Metin And'ın: "Güçlü bir ağa düzeni karşısında onların kötülükleriyle savaşacak genç kaymakamın ne ölçüde dürüst, ülkücü olursa olsun, artyeşimindeki yanlışlık ve eksiklik yüzünden yenilgiye uğrayışının öyküsüdür." sözleriyle de kısaca romanın üzerinden geçmiştir.
Yaşar Kemal, bu yapıtında da "toplumsal meseleleri ancak toplumsal bir gücün halledebileceğini de çok ustaca sezdir"miştir.

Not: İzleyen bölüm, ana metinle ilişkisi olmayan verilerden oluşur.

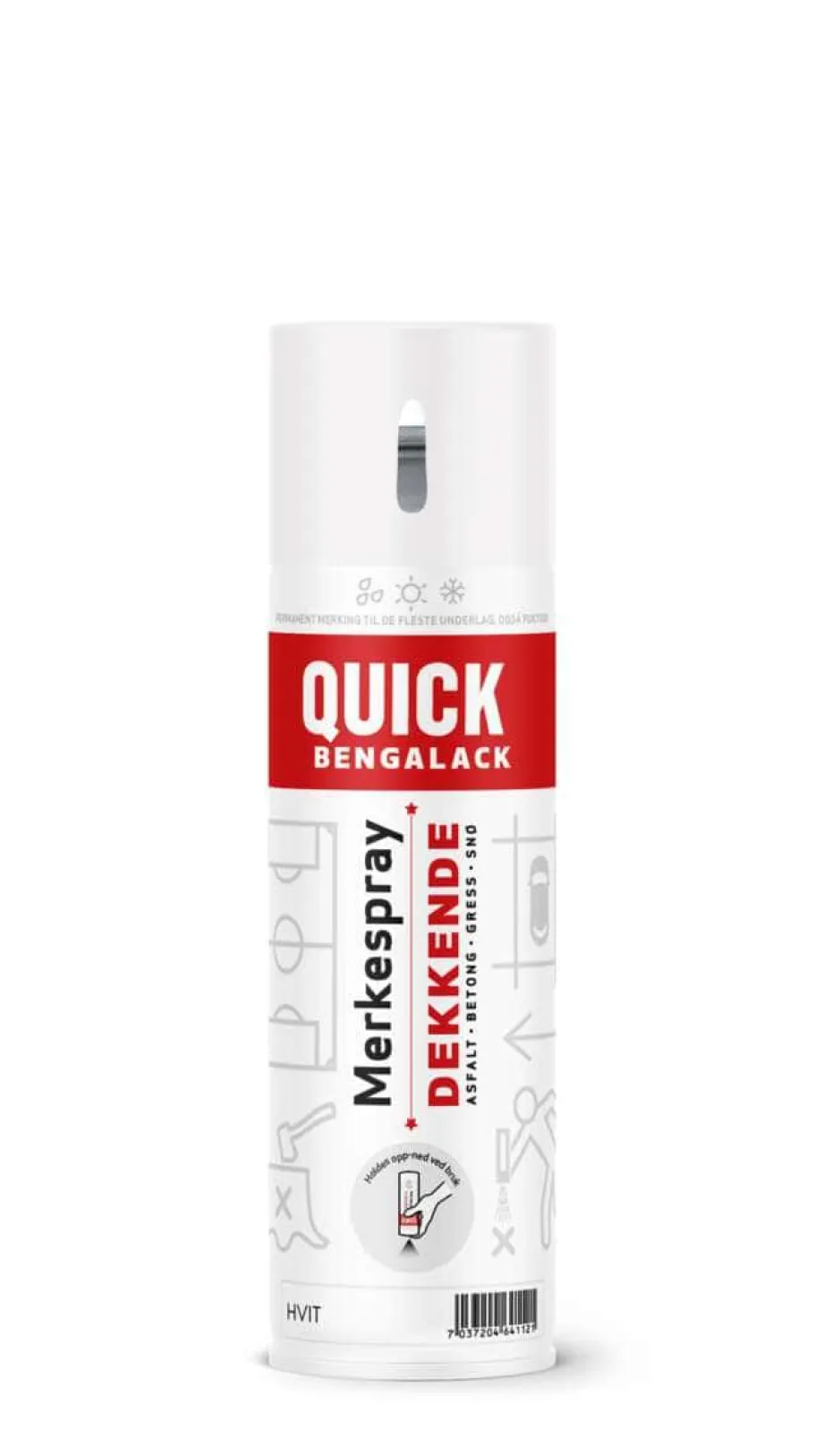 Quick Bengalack merkespray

Oktay Akbal'ın bu roman yayınlandıktan sonra: "Yarına kalıcı niteliklerden gereği gibi yararlanmasını bilirse sağlam bir yapıt kurabilecek yazarların içinde, Yaşar Kemal başta gelenlerden" derken; Fethi Naci'de 1955'te kaleme aldığı değerlendirmesinde Teneke hakkında "Kuruluş halindeki milli edebiyatımızın nefis bir örneği; edebiyatımızda gerçekçiliğin alması gereken yönü gösteren, son yılların en önemli hikayesi, bence."yargısını dile getirmiştir.

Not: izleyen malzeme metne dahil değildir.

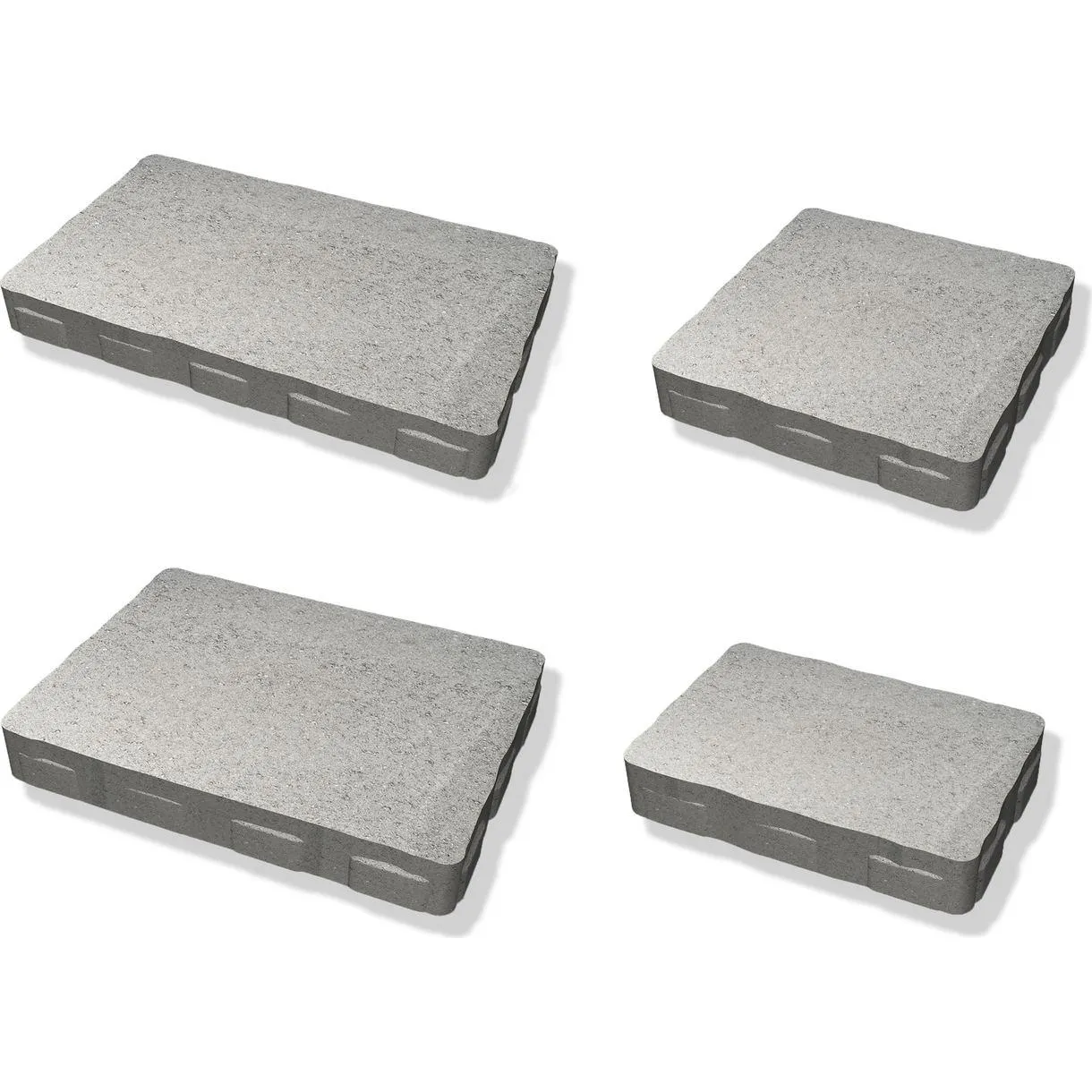 MARKSTEN ORLANDO ANTIK MULTISIZE GRÅ B 60MM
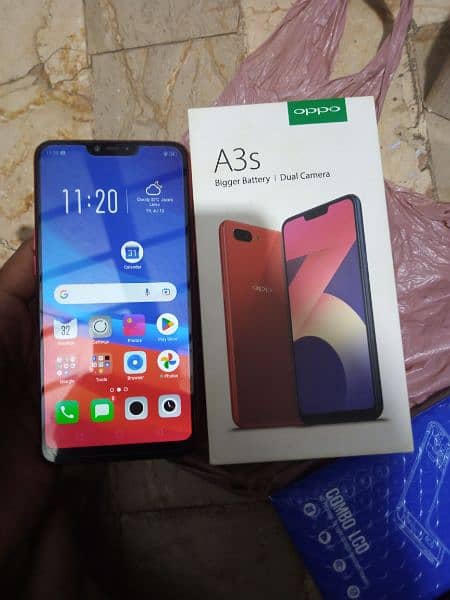 OPPO A3s 1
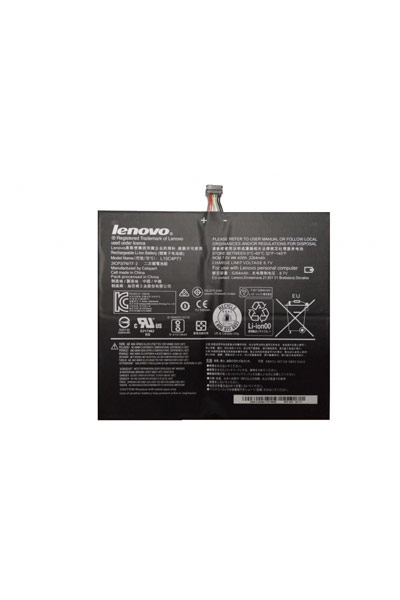 Lenovo BO-LENOVO-5B10J40264 battery (5250 mAh 7.6 V, Black, Original)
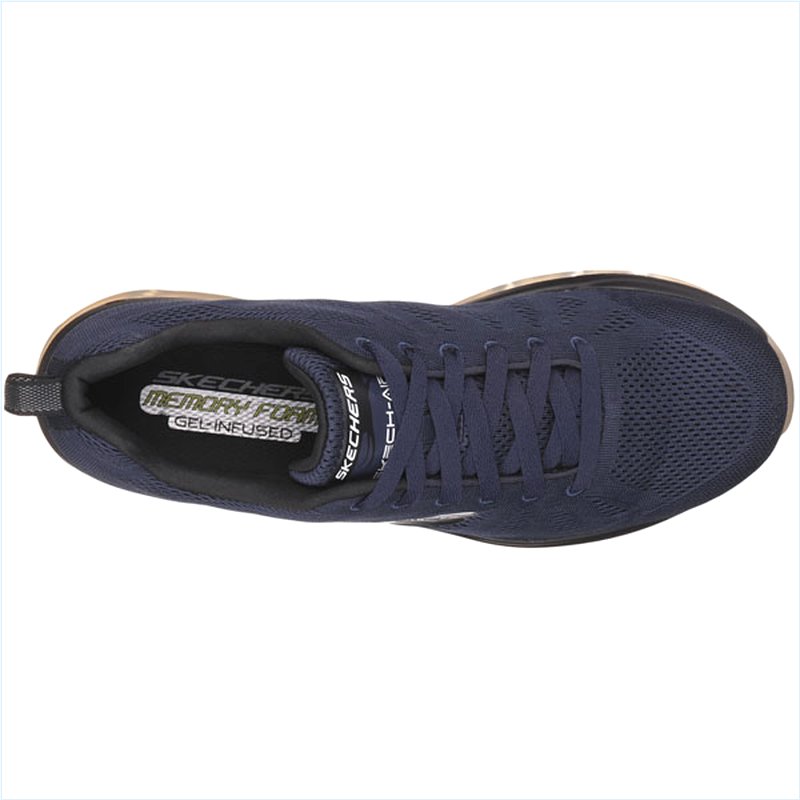  Men Extra Wide Fit (4E) Shoes - Game Changer Navy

Romanın sonuna doğru ise, Mehmed Ali'nin kendisini uğurlamaya gelmesi üzerine kaymakam, anlar ki kavga sona ermemiştir, sürüp gitmektedir. Bunun üzerine neşesine yeniden kavuşur. Sonuç olarak aydınla köylünün tanışıp kaynaştığı bir romandır.
Teneke, 1965'de yazarın kendisi tarafından oyunlaştırılmıştır. 1966'da İlhan İskender Armağanı ile Ankara Sanatseverler Derneği Ödülü'nü kazandırmıştır. Daha sonra Erden Kıral yönetmenliğinde "Kanal" adıyla sinemaya uyarlanmıştır. 1974 ve 1975 yıllarında ise İsveç'te iki kez oynanmıştır.
Yaşar Kemal, Teneke'de konu aldığı temayı daha sonraki çalışmalarından biri olan İnce Memed 4'de ele almış, bu defa da kanunları hiçe sayarak yüzlerce çocuğun ölümüne yol açan Şakir Bey'in karşısına öğretmen Zeki Nejad ile yola devam etmiştir.